Robin,

You are to be commended for opening up to everyone like that. I know it must not be easy to put your personal feelings out there for all to see. I look at you as such a brave, kind-hearted, compassionate person. Your son is wrong. There is nothing about you that is loser-ish. I am sure he doesn't mean that. I know he loves you like crazy and if he knew how much it hurt you, he probably wouldn't have said anything.

To deal with a serious disease or illness almost always involves depression. I went through a similar thing as you. When I was diagnosed with diabetes, my mom was crushed. I felt like I had to be strong for my family and act braver than I was. I eventually got to the point though where I started breaking down because I had never dealt with my feelings. I've been through some bad episodes of feeling depressed. My doctor kept trying to put me on drugs, but I refused. I think they throw those in our faces way too much. I'm sure they really help a lot of people, but I personally don't like to take a bunch of medications. I also never felt comfortable with counseling.

What I find helps me might not help the next person. I still have moments where I want to break down, but I usually take a deep breath and try to let it go. I try to pick out the positive things in all situations. Even if it feels like the world is crumbling around you, there will always be something that is positive. I focus on that and try to create more positives from it. I also started doing Yoga. I'm not very good at it and probably look like a fish out of water flopping around, but I promise it is SOOO relaxing. It really clears my mind and allows me to approach my day much more calmly. I just grabbed a few cheap beginner DVDs at Walmart. Even if I don't physically do it, sometimes I'll still pop the tape in because it is soothing to listen to. Breathing exercises help tremendously.

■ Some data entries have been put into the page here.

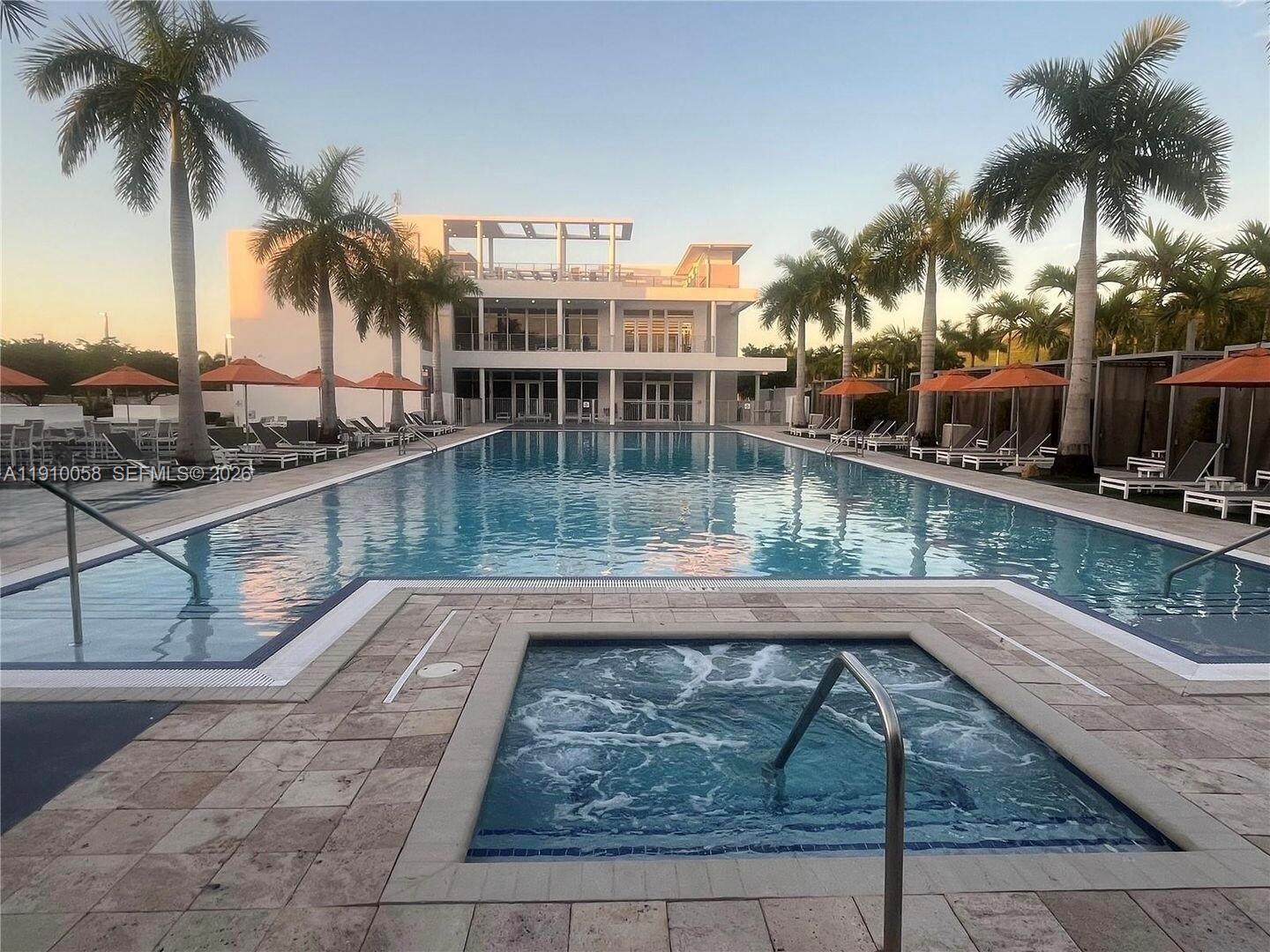 LANDMARK AT DORAL CONDO - Residential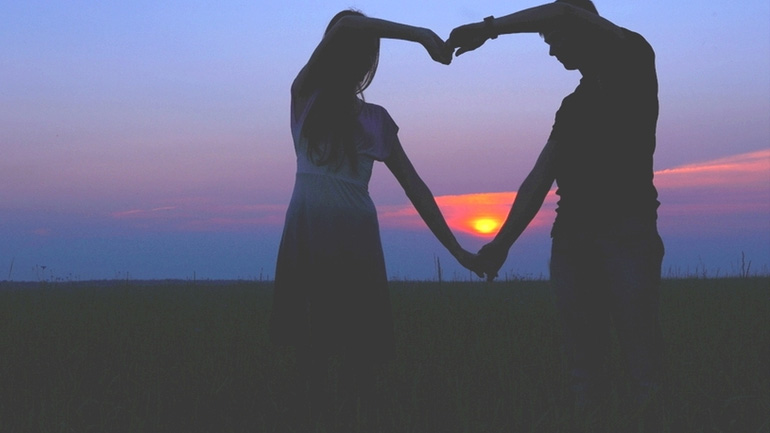 Ο έρωτας έρχεται τελικά με την τέταρτη ματιά!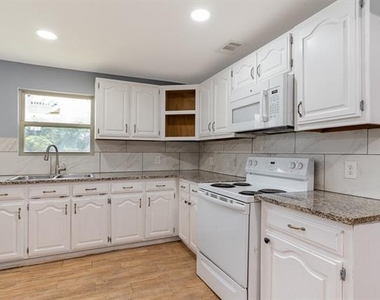 4621 Owenwood Avenue - Photo Thumbnail 2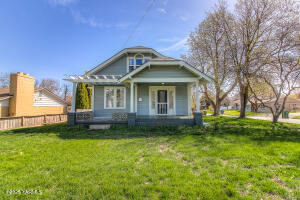 101 32nd Ave Property Photo 1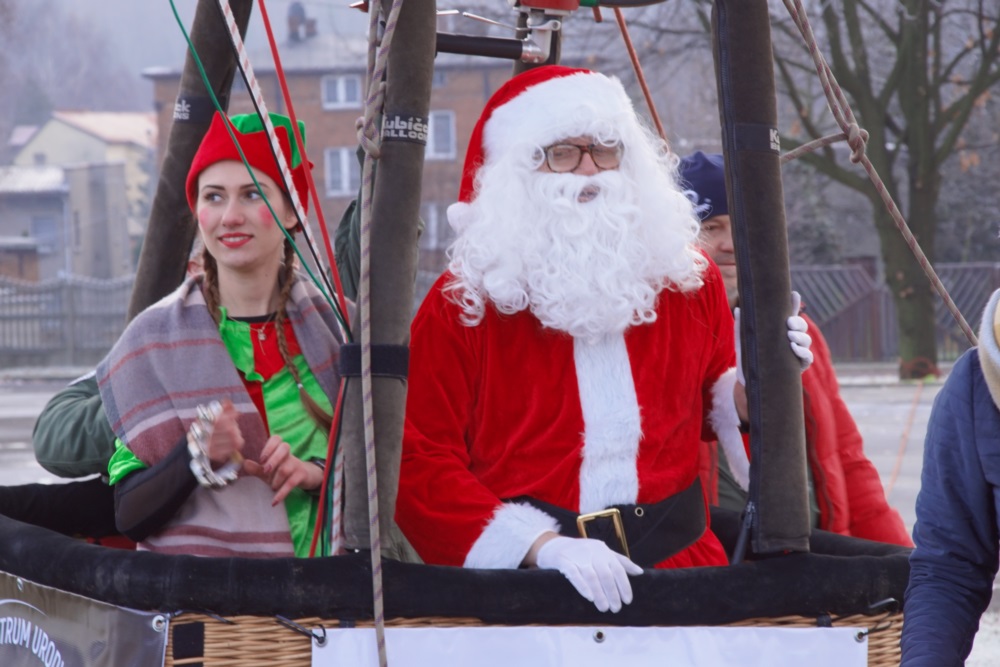 Święty Mikołaj przyleciał do dzieci...w balonie!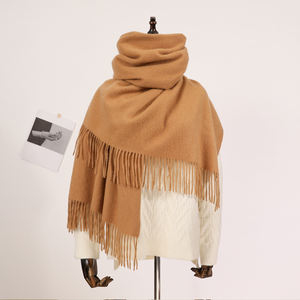 Syal wol kualitas tinggi baru syal Pashmina rumbai pola kotak-kotak merah natal syal wol panjang hangat untuk wanita - Product Image 3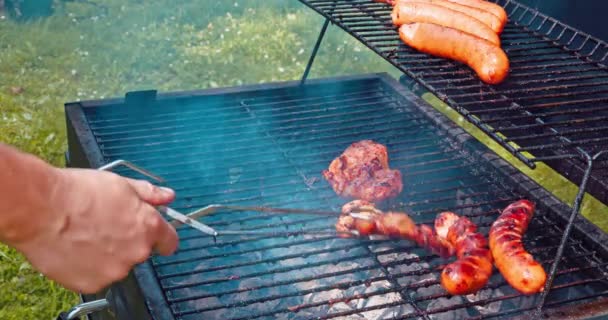 Mocno Smażone Kawałki Mięsa Leżą Ruszcie Grilla Obracane Drugą Stronę — Wideo stockowe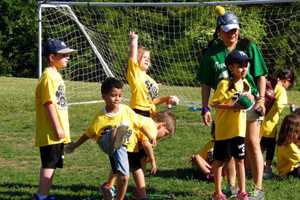School Spirit Shines As Irvington Students Celebrate Bulldog Day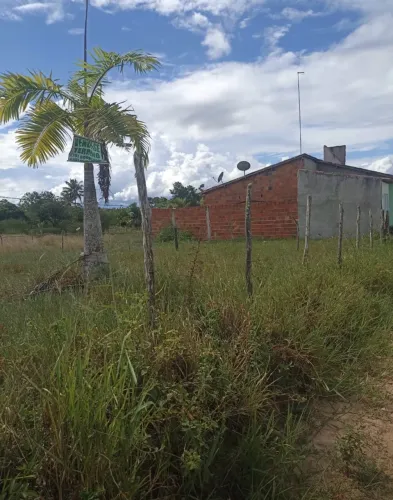 Terreno salgado/agua fria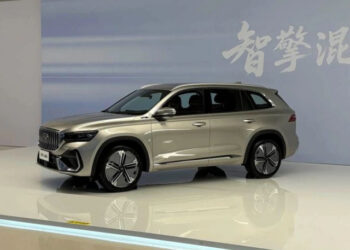 xehay geely hev 140426 2.jpg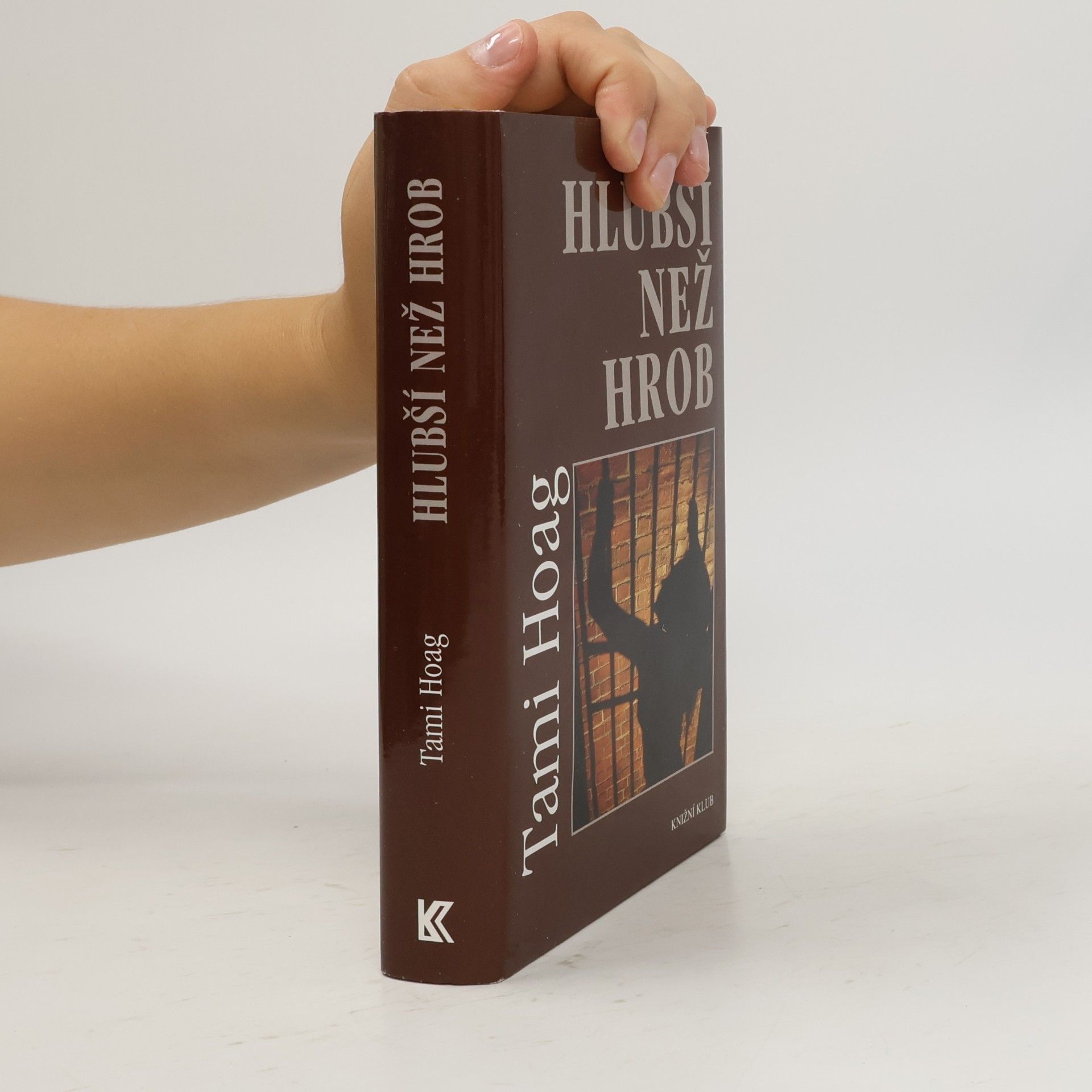 Tami Hoag Hlubší než hrob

I also sympathize with you on the weight issue. I've gained a massive amount of weight which has been really hard on me. I was so active in high school and was in incredible shape. Now after college, I'm a big diabetic blob. I fear social situations because I feel too fat. I always like to be under blankets and wear baggy clothes (really sucky in Texas when it is SO hot and humid). I try to run to food as a comfort, but that generally makes it worse. When I start eating right, I notice a difference in my attitude and appearance. I usually regress back at some point though. The first step is the hardest in losing weight. After that, each step gets a little easier.

Ok, I probably didn't tell you anything helpful, but I wanted you to know that I understand a little of how you feel. I'm here for you if you ever need to talk, as I'm sure many other PTers are. We all love you so much. Cancer survivors are such strong, incredible people. I think you are so brave to go through what you did. I know everyone that has met you thinks the world of you. I think the world of you and I haven't even met you! You're a beautiful person with the prettiest twinkling eyes... and a beauty on the inside to match. I'll be praying you can find something to help you out of your depression. Some people can do it without drugs and counseling, so I realy hope you can find that one thing to pull you out.